### Data shown
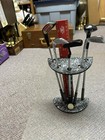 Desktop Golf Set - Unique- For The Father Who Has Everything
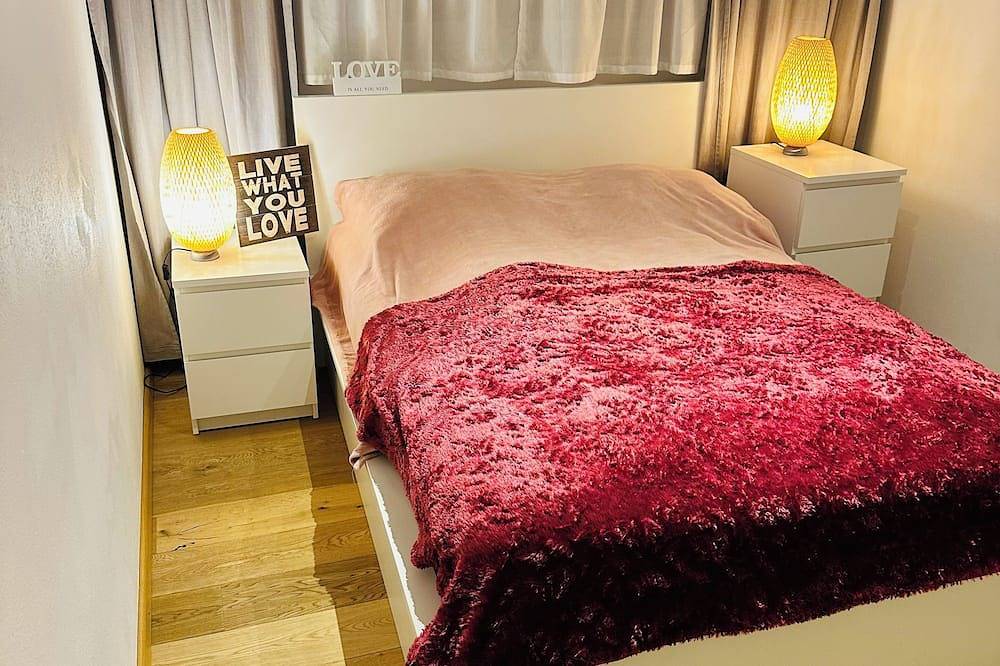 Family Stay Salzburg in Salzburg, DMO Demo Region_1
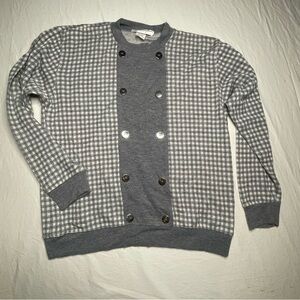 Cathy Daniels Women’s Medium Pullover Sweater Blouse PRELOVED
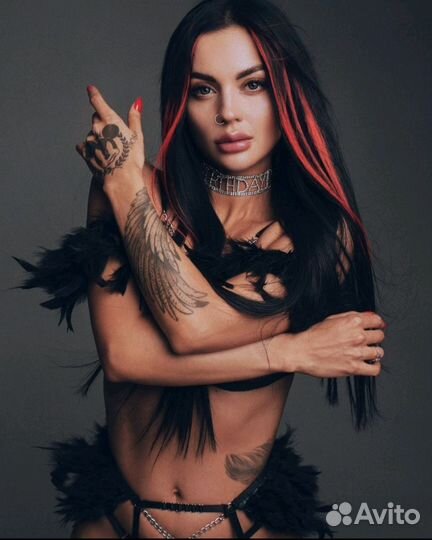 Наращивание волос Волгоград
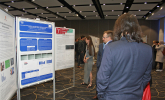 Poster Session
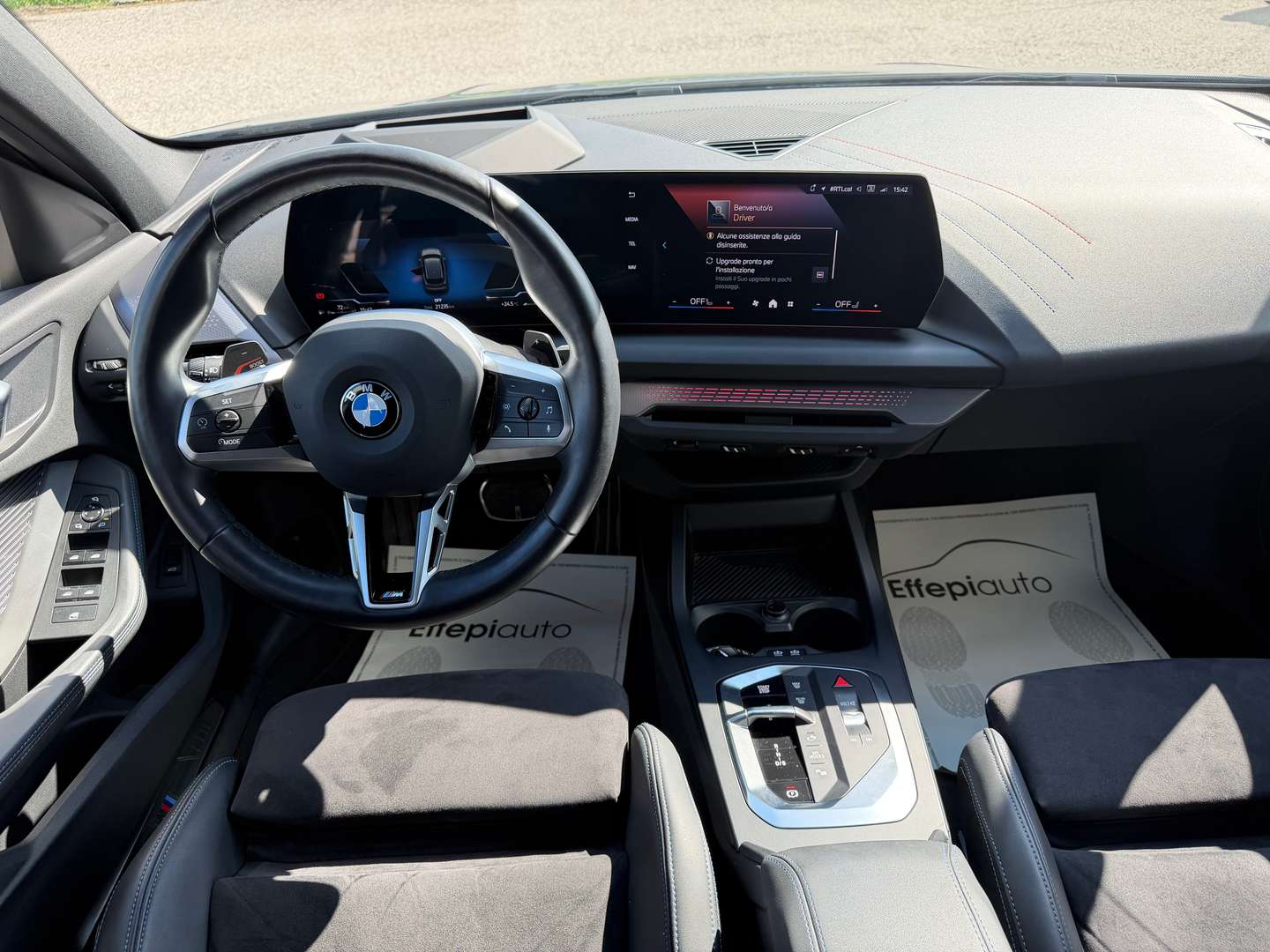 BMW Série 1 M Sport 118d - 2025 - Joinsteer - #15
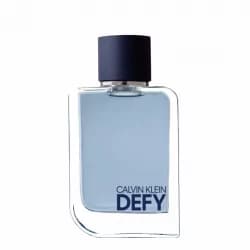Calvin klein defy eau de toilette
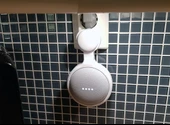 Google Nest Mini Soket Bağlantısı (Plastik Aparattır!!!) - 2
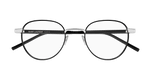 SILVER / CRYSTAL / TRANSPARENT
==
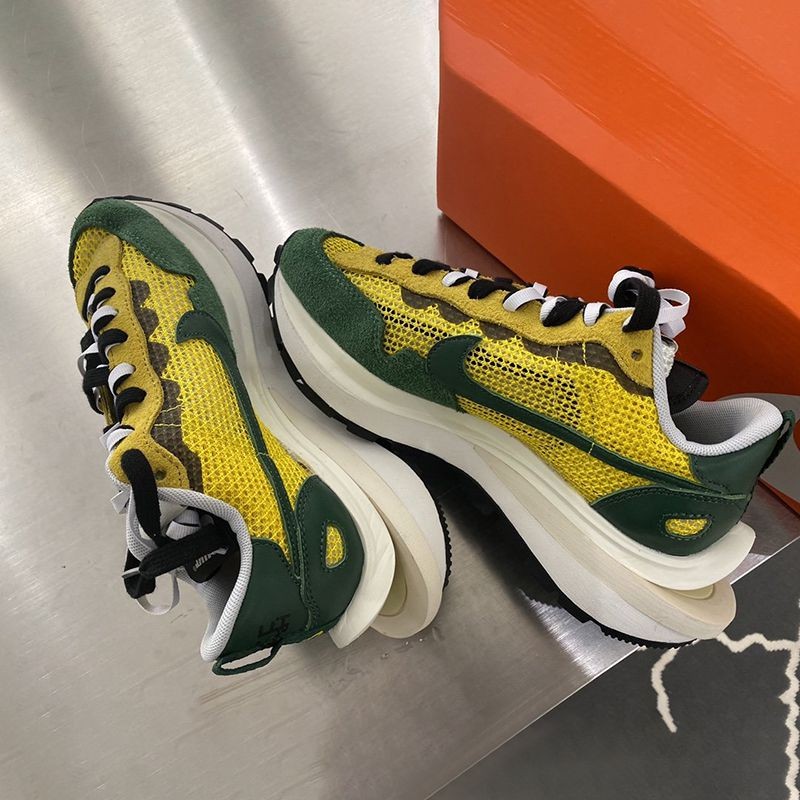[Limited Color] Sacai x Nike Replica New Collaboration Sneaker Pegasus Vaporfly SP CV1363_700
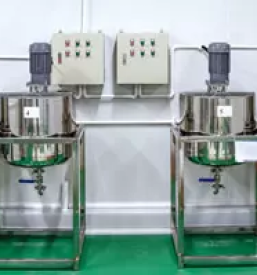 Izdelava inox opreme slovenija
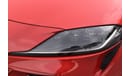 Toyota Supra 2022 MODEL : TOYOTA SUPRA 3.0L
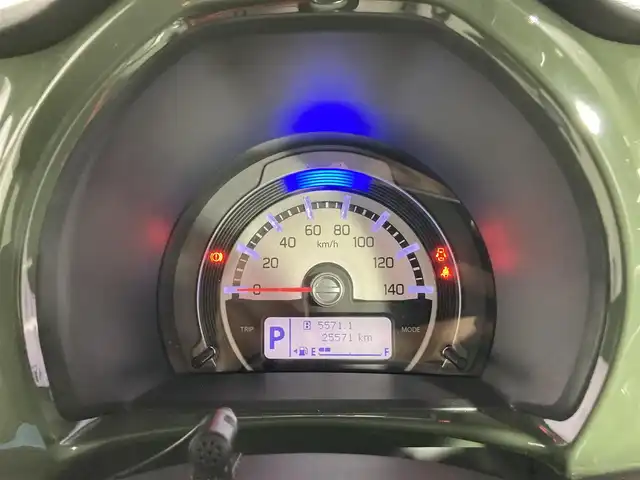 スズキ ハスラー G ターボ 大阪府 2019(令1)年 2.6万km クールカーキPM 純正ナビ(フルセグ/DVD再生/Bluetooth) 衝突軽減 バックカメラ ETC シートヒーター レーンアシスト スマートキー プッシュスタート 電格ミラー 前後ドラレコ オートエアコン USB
* * *
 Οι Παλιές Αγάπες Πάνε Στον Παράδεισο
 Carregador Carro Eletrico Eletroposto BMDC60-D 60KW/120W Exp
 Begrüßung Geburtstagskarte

### Task objective
Set the pictures aside and transcribe exactly the stretch of lines above, beginning with the one holding "Cathy Daniels Women’s" and ending with the one holding "Google Nest Mini".

### Answer to this problem
 Cathy Daniels Women’s Medium Pullover Sweater Blouse PRELOVED
 Наращивание волос Волгоград
 Poster Session
 BMW Série 1 M Sport 118d - 2025 - Joinsteer - #15
Calvin klein defy eau de toilette
 Google Nest Mini Soket Bağlantısı (Plastik Aparattır!!!) - 2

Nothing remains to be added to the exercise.